Alex: We sailed together since May and we trained before on the Juan K boat which is like 100 times harder than this boat, it was easy compared to the other one and Guillermo is a fantastic sailor who has done more miles than any of us put together I think we got on well. We are both happy to say what we think and we had no problem with that.
Guillermo: I think we are more similar in character and Alex has the solo experience so we have very complementary experiences, a double handed is still having a lack of people.
Alex : We took a similar strategy and ended up in the same place. For us this boat lacks a little pace. We were really just waiting for an opportunity, hoping there would be an opportunity close to here, but there wasn’t. They put too many miles on
JP Dick and Jeremie sailed a fantastic race, three times winner – bravo.
Guillermo : When we come out of the second low we were first, which was good, when you play hard and come out on top, that feels good and then the worst was probably this last day, the last 150 miles have been horrible, you did not know what the wind was going to do.
Alex : We always thought it was possible to win the race. When you take the risk to go into the hard weather you are always a little nervous and it does not look very good. We had one small breakage which maybe cost us 20-30 miles but I don’t think the boat had the pace to beat Virbac Paprec 3. if they had sailed a different strategy then maybe we could have won.
Alex : I am ecstatic. A big thank you to Guillermo.
The Transat Jacques Vabre of Alex Thomson and Guillermo Altadill carries the early hallmarks of a duo finding their feet together, never having done an ocean race together as duo and only having had the boat for twelve days on the water before the start in Le Havre on 2nd November.
So they start relatively conservatively leaving the Channel in sixth and seventh place, concentrating on being with the main pack, pacing themselves initially. As the pack passed to the south of Ireland they were seventh of the 13 starters.
As PRB, Safran and Virbac Paprec held slightly north, Hugo Boss was still just to the south of them having risen to fourth, chasing Chéminées Poujoulat.
Going through the initial high pressure ridge they were well positioned, still not extreme but then made their move progressively with Virbac Paprec 3 NE of the Azores setting up for the successive big low pressure systems. They are rewarded with the race lead between the sixth and seventh of November. Rivals Cheminées Poujoulat and PRB suffer dmage and have to retire.
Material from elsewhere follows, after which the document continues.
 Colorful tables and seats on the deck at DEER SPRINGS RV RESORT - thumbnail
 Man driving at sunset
And the pack have stayed south at the Azores high pressure to try and find trade winds and initially lose. From there it becomes a two boat drag race across the Atlantic. Hugo Boss hang relentlessly to the wake of Virbac-Paprec 3, some 35-45 miles behind.
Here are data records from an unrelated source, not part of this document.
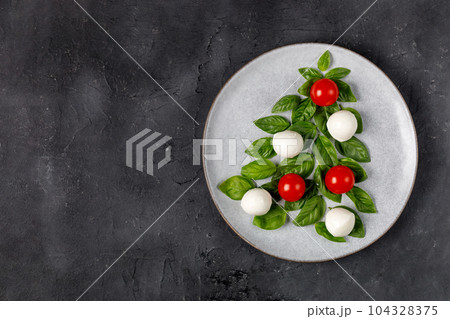 Caprese salad in the form of a Christmas tree. Festive tomato mozzarella and basil appetizer on light plate. Caprese salad in the form of a Christmas tree. Festive tomato mozzarella and basil appetizer on light plate. 104328375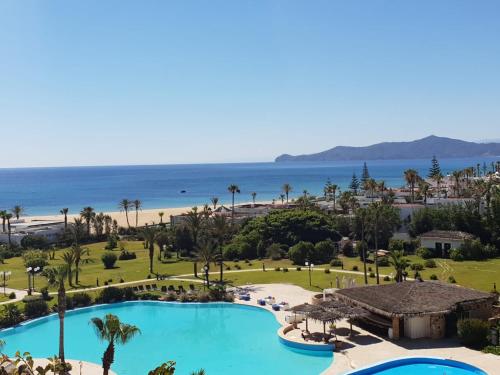 an aerial view of a resort with a swimming pool and the beach at Marina Smir Hotel & Spa in M'diq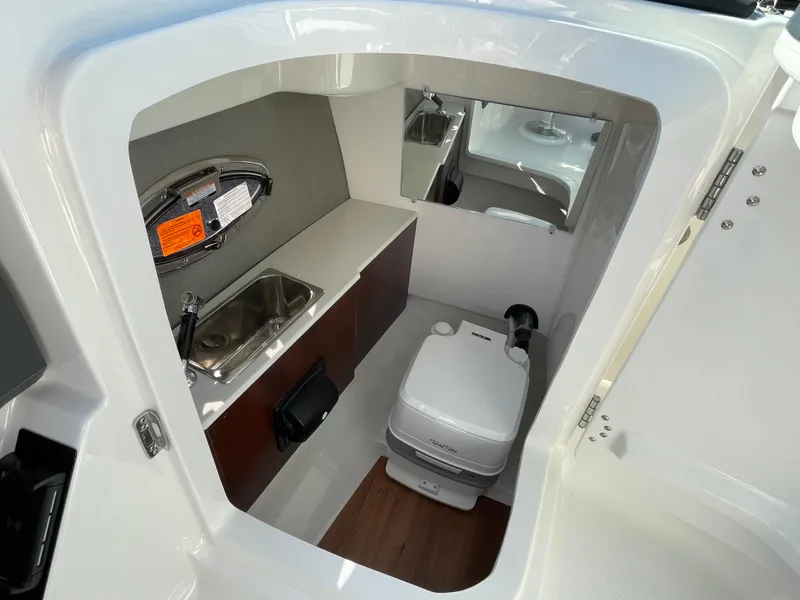 Slide: The Image of 2025 Chaparral 267 SSX boat interior with sink and portable toilet. - 28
By the entrance to the Caribbean the gap has only stretched to 82 miles and at the finish today, Hugo Boss was approximately 112 miles behind the race winners.
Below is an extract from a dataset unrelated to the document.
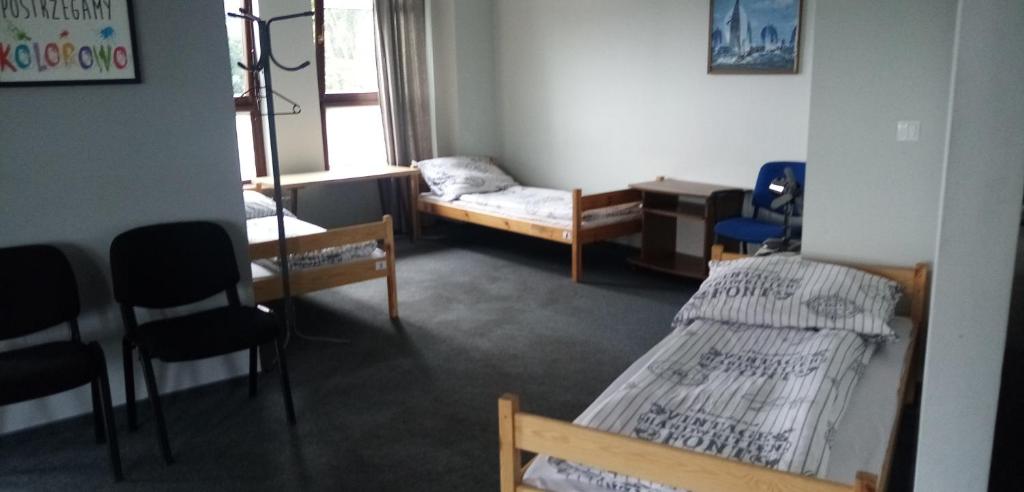 a room with two beds and a desk and chairs at Hostel Sunrise przy DW. Zachodnim in Warsaw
Thomson and Altadill reported no major problems with the boat, finishing with a unharmed complete sail inventory. After the first low pressure system they had a couple of hours downtime after they broke a lazy jack and consequently had to replace a mainsail batten, apart from a computer gremlin or two, it has been an uneventful race.
Thomson has commented how tired they both have been, a consequence of not knowing the boat well and so being more on edge, the physical need to push incredibly hard with a boat which is not rated as one of the quickest in the fleet and also the fact the boat is not well fitted out to facilitate good rest.
After retiring from the 2008-9 Vendée Globe and then the 2009 Transat Jacques Vabre with hull damage NE of the Azores and missing out on the 2010-11 Barcelona World Race when his infant son was diagnosed with a heart condition, this is the first major IMOCA Open 60 race that Thomson has finished since spring 2008 when he finished second behind Jean Pierre Dick and Damian Foxall.